In "Khayaal, Indian vocals from Vishal Vaid serve as a center jewel cast in the colorful blinking neon of the modern electronic trance style. "Piya similarly twirls together flute, tabla, sitar and female vocals into its kaleidoscopic electronic palette, somehow sounding both very traditional AND modern. So does the set-ending "Hold On.

On the other hand, "Enemy delivers totally different music: a crunching backbeat of brittle and jagged, metallic techno bass and drum, through which Gaulam Cheema's lead electric guitar screams like a shrieking nightmare. When Cheema's guitar kicks into overdrive, this piece totally and thoroughly rocks.

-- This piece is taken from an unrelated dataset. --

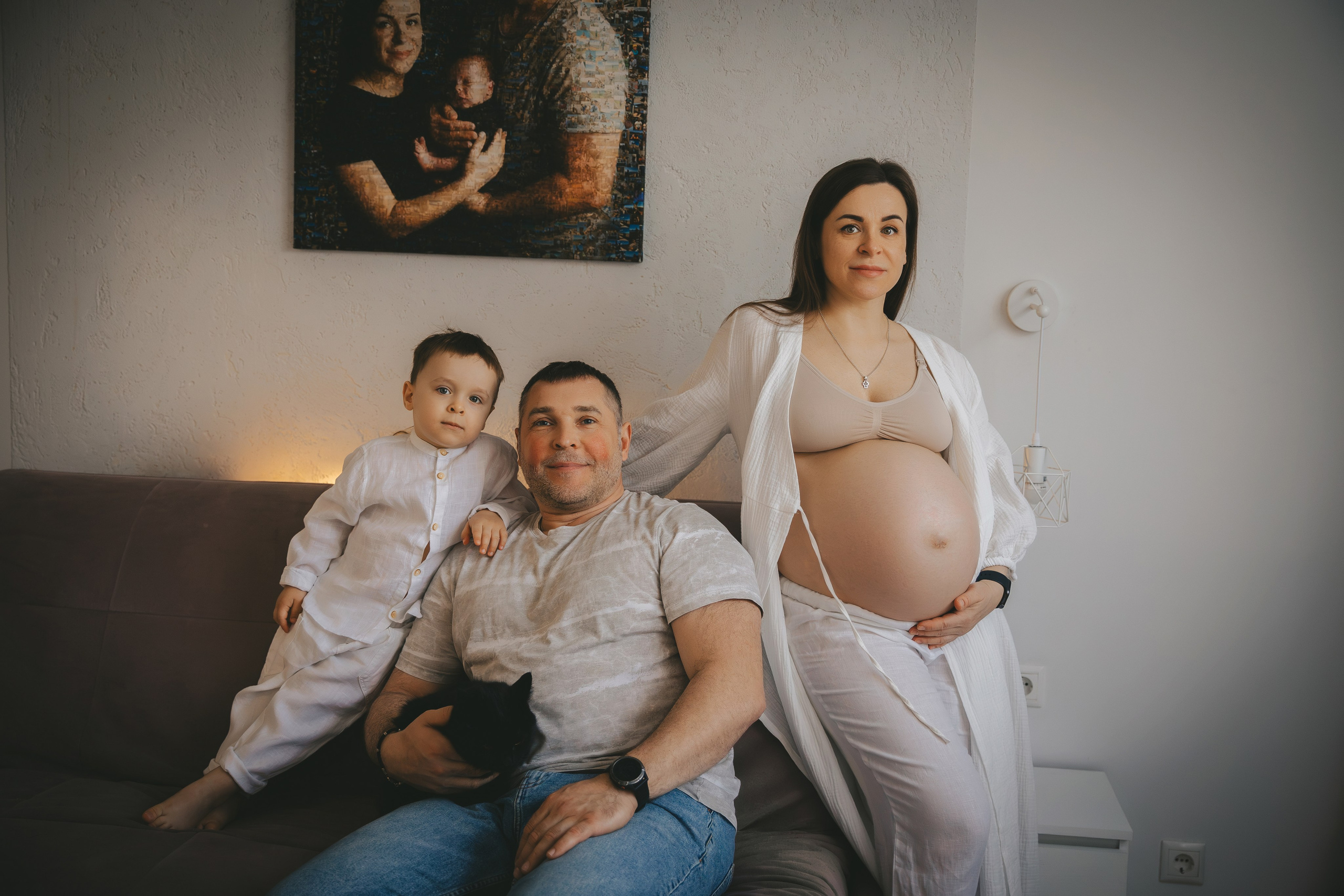 Фотосессия беременности дома с семьей. Семейный и женский фотограф в Москве Надежда Воробьева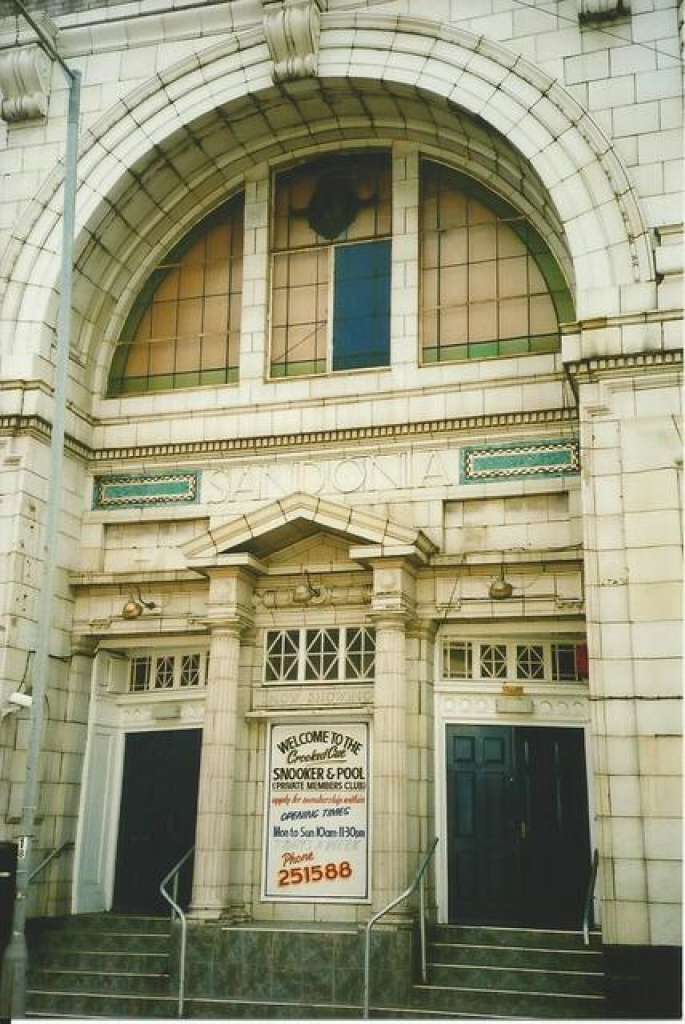 The magnificent arch at the centre of the Sandonia's faienced frontage (Cinema Treasures)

Hypnotic Clambake Mayonnaise
Blue Button
2005


Mayonnaise does not really fit in with the other titles in this column. Which is okay, because it wouldn't fit in with the titles in just about any other column, either.

Hailing from Boston, Hypnotic Clambake brings together Maury Rosenberg (accordion, piano, keyboards, percussion, vocals) and Chris Reynolds (bass, guitar, drums, percussion, samples, vocals) with bassist Jim Schwarz and hornman Tim Hull (tenor sax, soprano sax, clarinet, vocals). This set of thirteen new songs also features guest trombonist Rick McRae of They Might Be Giants, drummer Mark Phillips, and vocalists Sarah Long and Toni Phillips, Sr.

Frequent appearances by accordion and clarinet give some songs an Eastern European tinge. But other songs sound rooted in funky New Orleans funhouse rhythm and blues. There probably aren't too many Eastern Europe New Orleans R&B records in anybody's collection...

...either that, or this sounds like Randy Newman working out horn charts with Tom Waits in a room full of laughing gas...

Most tracks swing comfortably with simple melodies and rhythms, and the lyrical wordplay is more often clever than not (although in "Turn Your Brain Off, it's close to dreadful). Things get pretty wacky pretty quick with the opening "500 Robots, a chunk o' Crescent City R&B spiked with horn charts that echo Lee Allen's seminal work for Little Richard and others in the rock & roll glory days of Specialty Records. "Man with the Face on the Side is also marinated in motion by a sassy, rhythmic bass line and horns spicy and smooth like Louisiana hot sauce.

The loping boogie-woogie piano melody in "Trouble also sounds rooted in New Orleans, but Long's high-end vocal harmonies turn its chorus into a ringing echo of "St. Stephen, a spirited early classic by the Grateful Dead.

From the flipside, "Psychedelic Polka unleashes Yiddish-sounding musical mayhem, where clarinet plays call and response with the stream-of-consciousness vocal to a two-step rhythm that will be familiar to anyone who's ever attended a traditional Polish or Slovak wedding. This polka two-step reappears in the bridge to "Woe is Me.

"Beans is average white band funk featuring a sweet and dry cocktail jazz piano interlude and a rollicking trombone solo that escorts the song to its conclusion. But to jazz fans, the instrumentals "Clambake and "Danger Mouse will sound most attractive.

The multi-movement, eight-minute "Danger Mouse is no less ambitious for its cartoon-y feel and subject. As if there weren't already enough musical tribes blended into this Mayonnaise, it introduces the sunny up-tempo rhythm of ska and underlines it with trombone. The groove shifts mid-song into an electric piano jazz, which pinwheels to counterpoint a winsome clarinet melody, momentarily climaxes in resolving the chords, then dances back off into ska-land to close. "Danger Mouse would have most likely made Frank Zappa smile.

The closing "Clambake winds this Mayonnaise up in (of all places) the Caribbean, with a straight-up calypso instrumental that rings rhythmically true. It helps the listener leave this musical "Clambake smiling, even if still a bit unsure about what had just been digested.